The scale of that risk matters because office and administrative support occupations employed 16,856,793 people in the United States in 2024, according to U.S. labor data, and women made up 73.4% of that workforce. That makes the coming AI disruption more than a technology story. It is a labor-market story about where routine white-collar work is concentrated, who performs it, and how quickly employers can automate tasks once handled by people.

The International Labour Organization says women are disproportionately exposed to generative AI because they are overrepresented in jobs most susceptible to automation and underrepresented in AI-related and STEM occupations. Its 2025 update says generative AI is more likely to change tasks, skills and working conditions than to wipe out entire occupations overnight, but that should not be mistaken for reassurance. If AI tools absorb scheduling, form processing, document review, payroll reconciliation and other repetitive office work, the pressure lands first on the jobs built around those functions.

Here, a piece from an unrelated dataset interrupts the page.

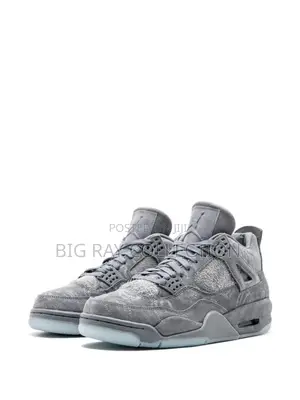X Kaws Air Jordan 4 Retro Sneakers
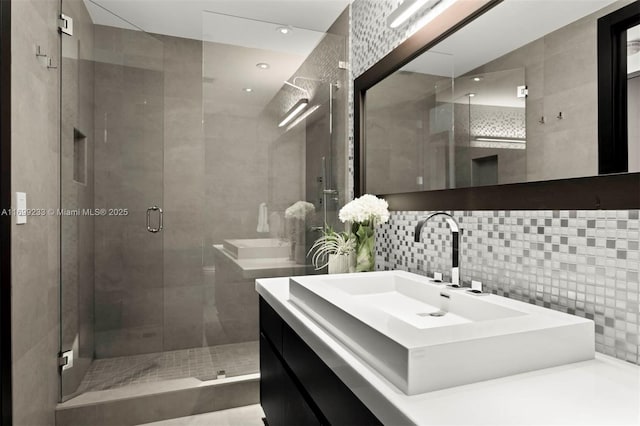 bathroom with tasteful backsplash, vanity, tile walls, and a shower with shower door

That is why the policy response matters now. The ILO warns that choices made today, especially on social dialogue, occupational segregation and women’s representation in AI roles, will help determine whether the technology expands decent work or widens existing gaps. For millions of workers in the administrative economy, the threat is not a distant automation wave. It is a near-term restructuring of the tasks that have long supported the middle class.